Appellate Division of the Supreme Court of New York, First Department
Mar 1, 1896
2 App. Div. 574 (N.Y. App. Div. 1896)


March Term, 1896.

Alfred D. Lind, for the plaintiff.

Thomes M. Rowlette, for the defendant.

The facts stated are substantially as follows: On the 4th day of December, 1895, the defendant, John Rheinfrank, as sole surviving executor of the last will and testament of Frederick Wagner, deceased, made a contract with the plaintiff to sell him certain premises more particularly described in the submission. The plaintiff paid on account of the purchase price the sum of $500, the balance to be paid at the time of closing the title. It is stated that by the last will and testament of Frederick Wagner, deceased, Catherine Wagner was appointed executrix and John Rheinfrank, the defendant here, executor of the will, with another. The two above named only qualified.

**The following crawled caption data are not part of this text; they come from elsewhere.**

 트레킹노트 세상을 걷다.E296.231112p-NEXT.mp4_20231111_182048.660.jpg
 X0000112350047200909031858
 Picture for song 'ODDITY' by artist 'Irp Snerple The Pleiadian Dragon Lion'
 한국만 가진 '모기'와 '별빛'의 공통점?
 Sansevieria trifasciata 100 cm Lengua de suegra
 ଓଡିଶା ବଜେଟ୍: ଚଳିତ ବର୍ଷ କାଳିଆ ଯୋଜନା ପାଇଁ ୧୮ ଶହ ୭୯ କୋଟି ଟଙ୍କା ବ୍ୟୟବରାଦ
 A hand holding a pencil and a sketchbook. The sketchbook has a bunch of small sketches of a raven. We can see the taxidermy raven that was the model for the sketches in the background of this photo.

The will gave to the executors all the real and personal property of the testator upon a trust which it is not now necessary to mention. After they had qualified, Mary Kelly conveyed to them the premises which Rheinfrank afterwards agreed to sell to the plaintiff. The deed describes the parties of the second part as follows: "Catherine Wagner, executrix, and John Rheinfrank, executor, of the last will and testament of Frederick Wagner, deceased." The property is conveyed to the parties of the second part and their heirs and assigns forever, and the habendum is in the same words.

Catherine Wagner died on the 4th of August, 1895. Her heirs did not join in a contract to sell the premises to the plaintiff. The plaintiff refuses to accept the title to the premises which Rheinfrank agreed to sell him, upon the ground that the conveyance mentioned above conveyed the property to the parties of the second part therein named individually, as tenants in common and not in their capacity as executors. The defendant, on the contrary, insists that by that conveyance the title to the land was vested in himself and Catherine Wagner jointly as executors of Frederick Wagner, and that upon the death of Catherine Wagner he became, as sole surviving executor, the owner of the property so that he can now convey as such executor a good title in fee to the plaintiff.

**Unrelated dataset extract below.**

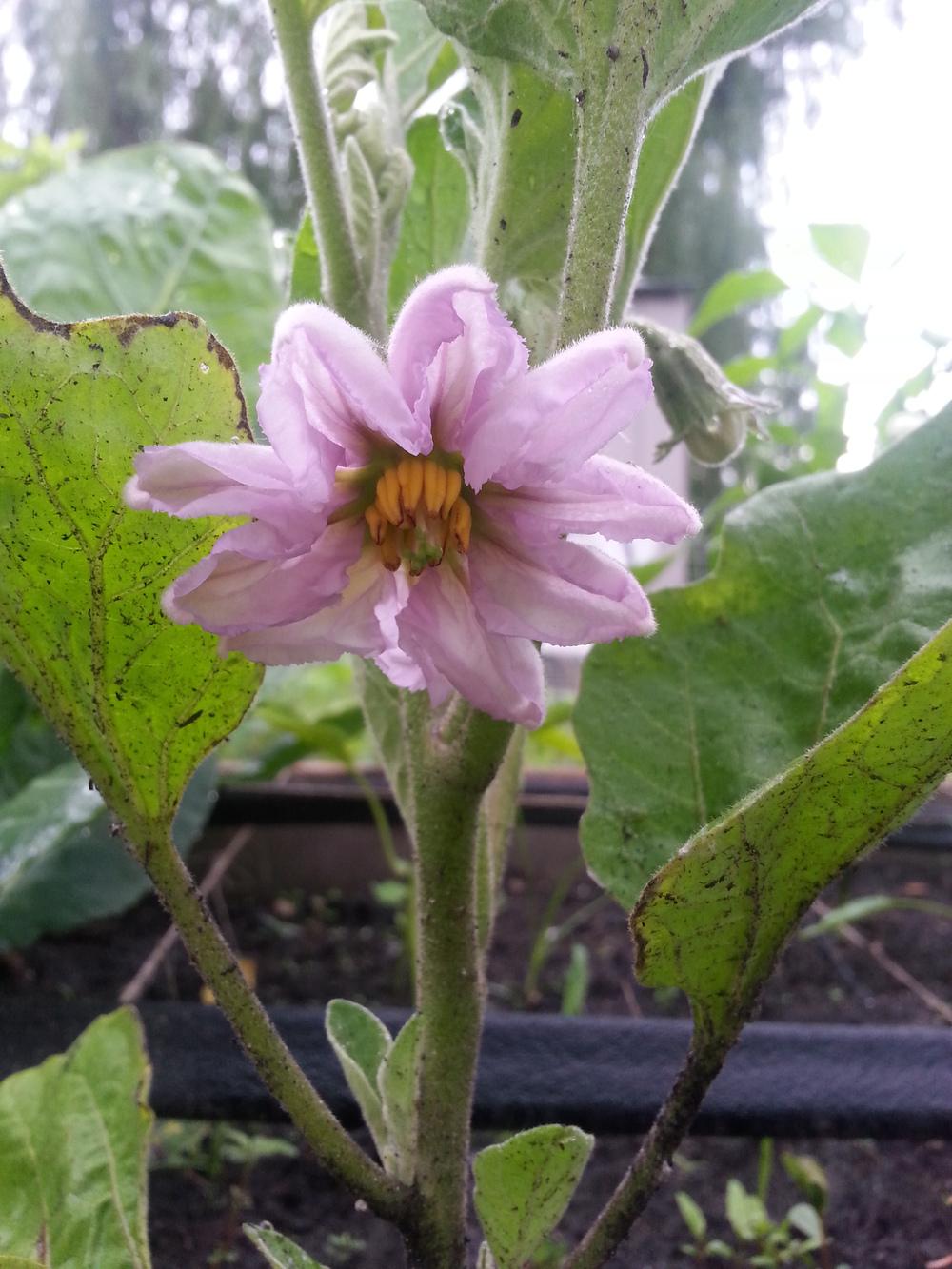 Photo of Eggplant (Solanum melongena 'Black Beauty') uploaded by sundina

The question presented for consideration is whether or not the conveyance vested the title to the entire premises in the persons named therein in their representative capacity, so that the defendant as executor can, by his sole deed in that capacity, convey a good title to the premises.

It seems to be very well settled that where, in any legal proceedings, the name of any person is followed simply by his title or name of office, without any other statement that he is acting in the capacity indicated by the words which follow his name, such words are merely descriptio personæ, and the person is bound or charged individually only as the case may be. ( Sheldon v. Hoy, 11 How. Pr. 11; Stilwell v. Carpenter, 2 Abb. N.C. 238.) Such, also, is the rule where the name of the party to a contract is followed by a recital of his office and he signs, writing his official title after his name, and the contract contains no words explaining the intention with which he signs. In that case it is held that he charges himself individually. ( Seaver v. Coburn, 10 Cush. 324.) The same rule is laid down where property is conveyed to one whose name in the deed is followed simply by some title or name of office. In that case it has been held that the title vested in the grantee individually, and not as a trustee for the person or corporation indicated by the words which followed his name. (3 Washburn on Real Property [5th ed.], 280.)

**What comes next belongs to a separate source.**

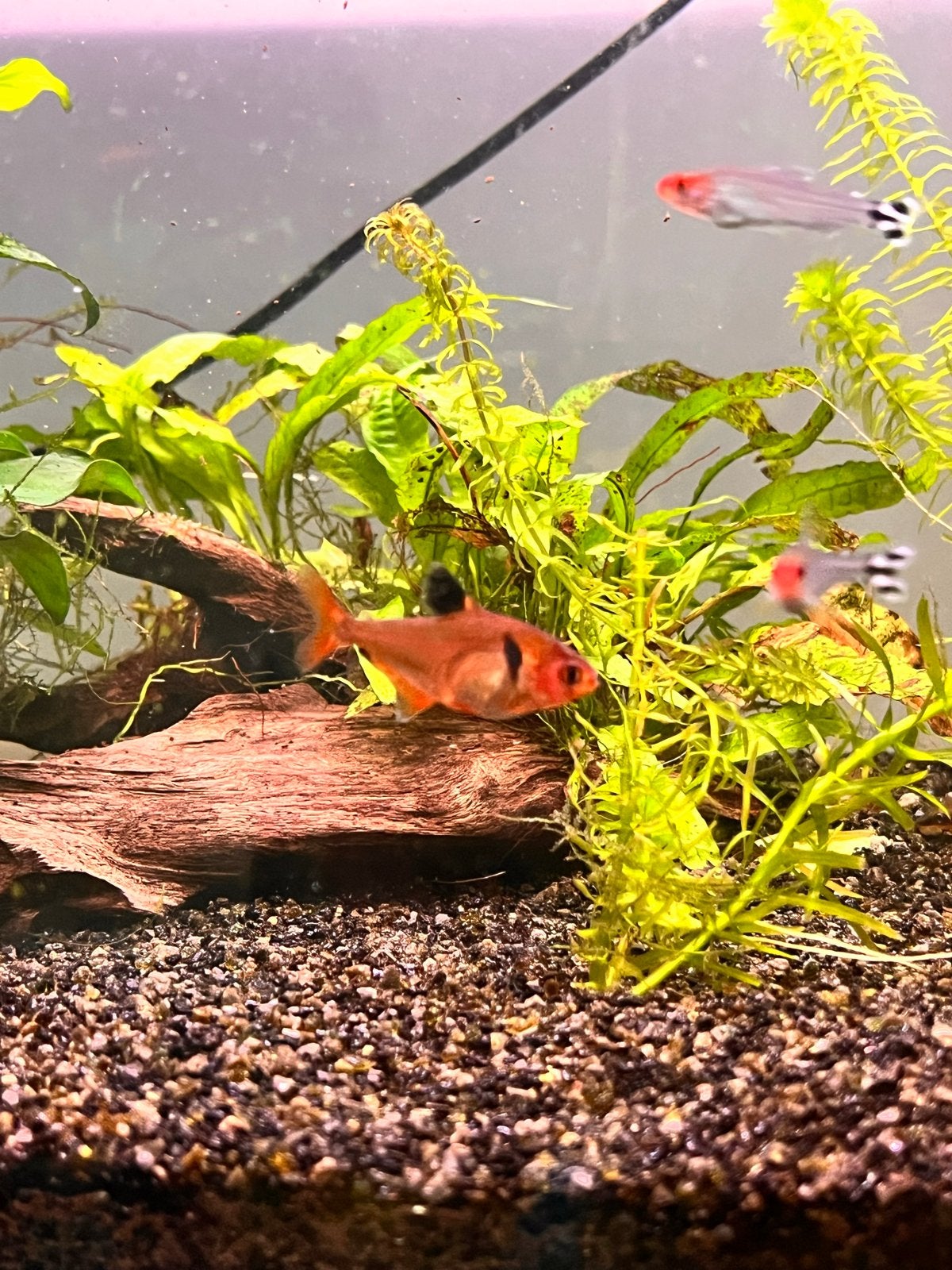 Fantoomzalmen rood en zwart, Dieren en Toebehoren, Vissen | Aquariumvissen, Vis, Zoetwatervis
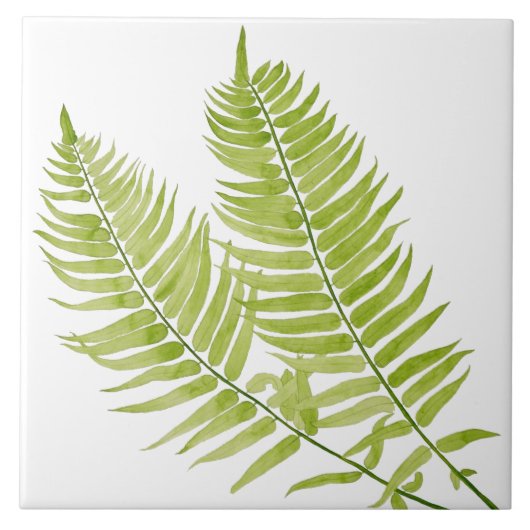 Feathery Fern on a Ceramic Tile Tegeltje (Voorkant)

In Den ex dem. Cavins v. Hay (1 Zab. 174) land was conveyed to several, after whose names, as parties of the second part, was inserted, "trustees of the asso. Presby. congregation of Newark." It was held by the Supreme Court of New Jersey that the grantees in the deed took individually, and that the congregation had no title to the land. The same thing was held substantially in the case of Towar v. Hale (46 Barb. 361). The fact that the persons named in the particular instrument are in fact officers of the corporation, as they are described, or in fact executors, is a matter of no importance and makes no difference with the construction of the deed so far as the passing of the legal title goes. In any case, unless it can be inferred from something in the words of the paper that they are acting, or that they take the title officially, the words will be held simply to be inserted by way of description, and will not affect their rights as grantees. These authorities, with which we fully agree, dispose of this case.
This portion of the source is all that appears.